***** Data extract *****
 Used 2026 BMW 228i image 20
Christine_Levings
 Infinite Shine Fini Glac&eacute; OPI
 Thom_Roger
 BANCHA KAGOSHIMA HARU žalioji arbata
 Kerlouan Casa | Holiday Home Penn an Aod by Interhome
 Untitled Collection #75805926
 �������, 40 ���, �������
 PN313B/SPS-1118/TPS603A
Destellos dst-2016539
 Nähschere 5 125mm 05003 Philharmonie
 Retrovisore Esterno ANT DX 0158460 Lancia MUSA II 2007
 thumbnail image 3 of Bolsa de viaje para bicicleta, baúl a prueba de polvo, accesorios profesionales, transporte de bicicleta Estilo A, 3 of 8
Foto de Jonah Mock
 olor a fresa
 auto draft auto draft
*****
***** Data extract *****
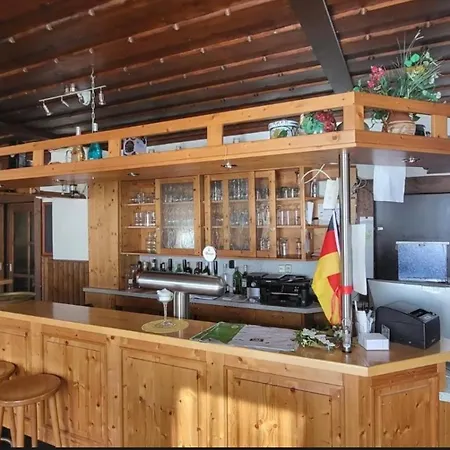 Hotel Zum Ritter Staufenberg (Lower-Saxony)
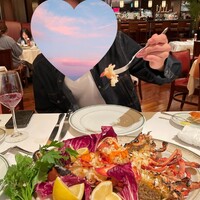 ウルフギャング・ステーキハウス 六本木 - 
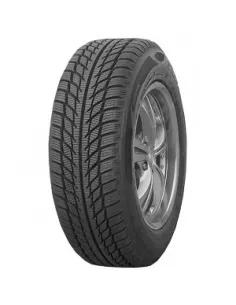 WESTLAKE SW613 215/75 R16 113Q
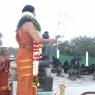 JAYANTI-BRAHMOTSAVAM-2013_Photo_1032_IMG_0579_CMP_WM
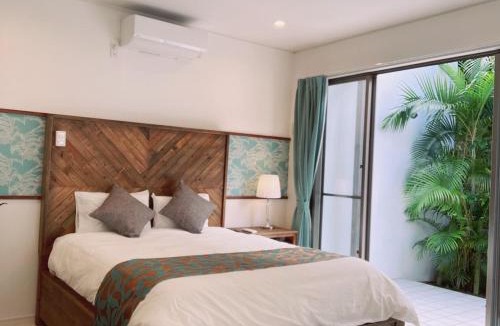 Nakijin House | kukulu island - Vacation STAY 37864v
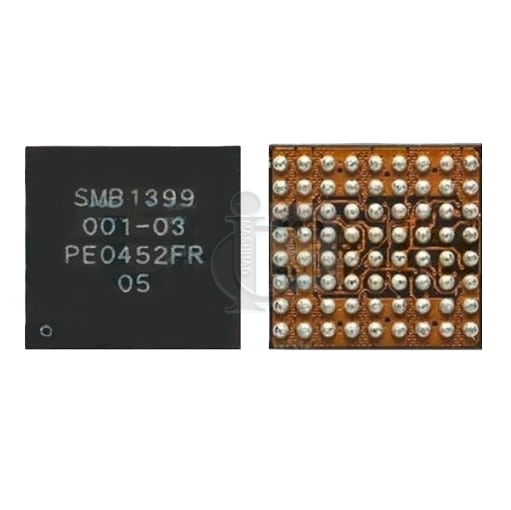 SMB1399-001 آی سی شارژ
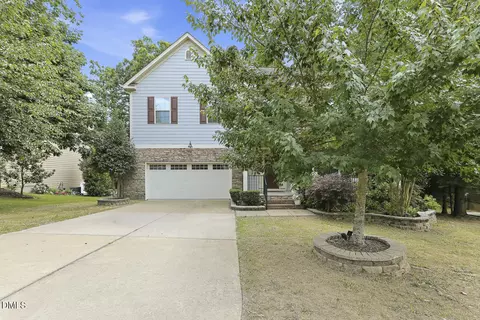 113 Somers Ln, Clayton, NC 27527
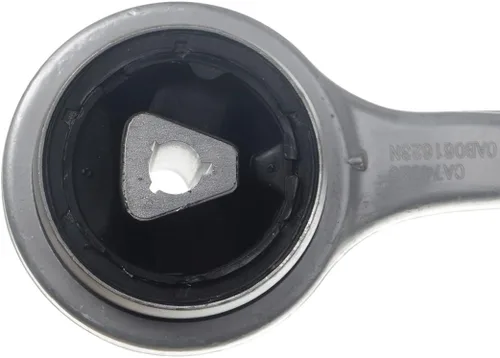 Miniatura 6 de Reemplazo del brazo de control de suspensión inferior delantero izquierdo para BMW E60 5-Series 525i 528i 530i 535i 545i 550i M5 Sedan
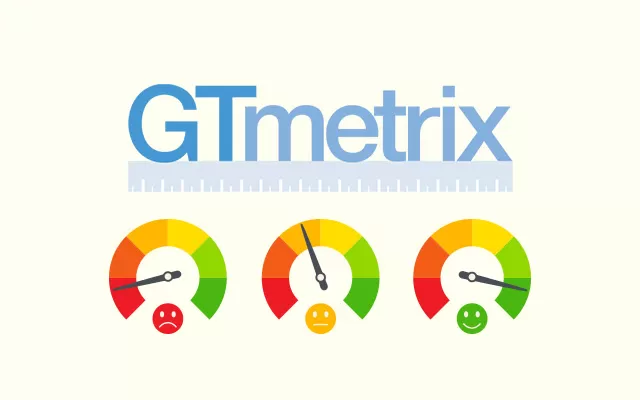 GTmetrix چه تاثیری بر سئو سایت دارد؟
*****
***** Data extract *****
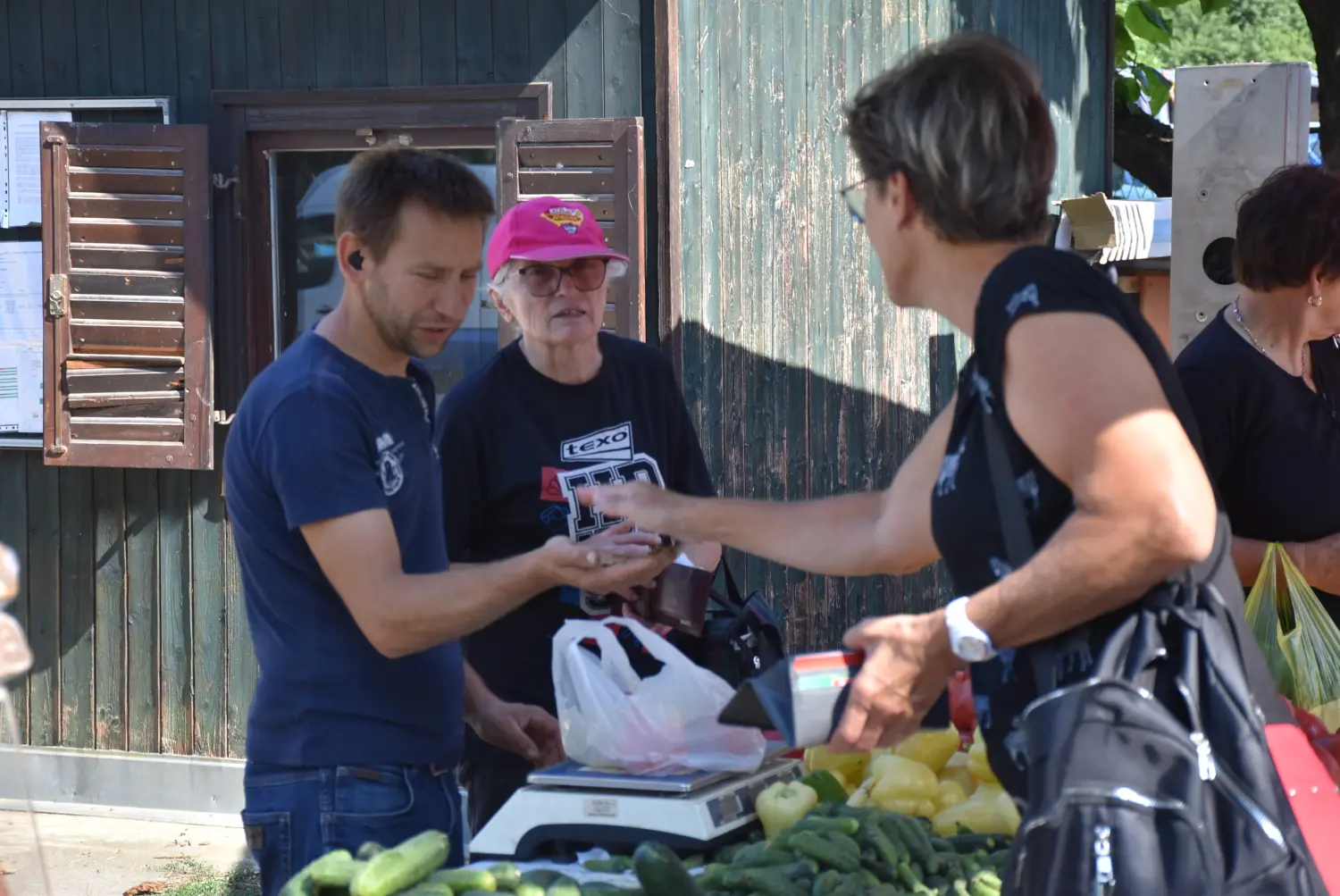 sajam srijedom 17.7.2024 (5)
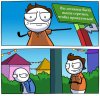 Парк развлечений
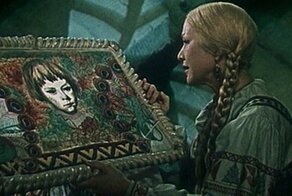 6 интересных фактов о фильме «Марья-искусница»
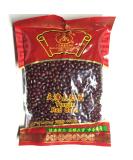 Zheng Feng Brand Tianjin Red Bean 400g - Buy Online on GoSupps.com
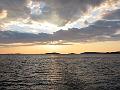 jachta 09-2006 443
*****
**Required work:** Go through the material above line by line and state how many lines contain "image". Give only the number.

**Response to the exercise:** 2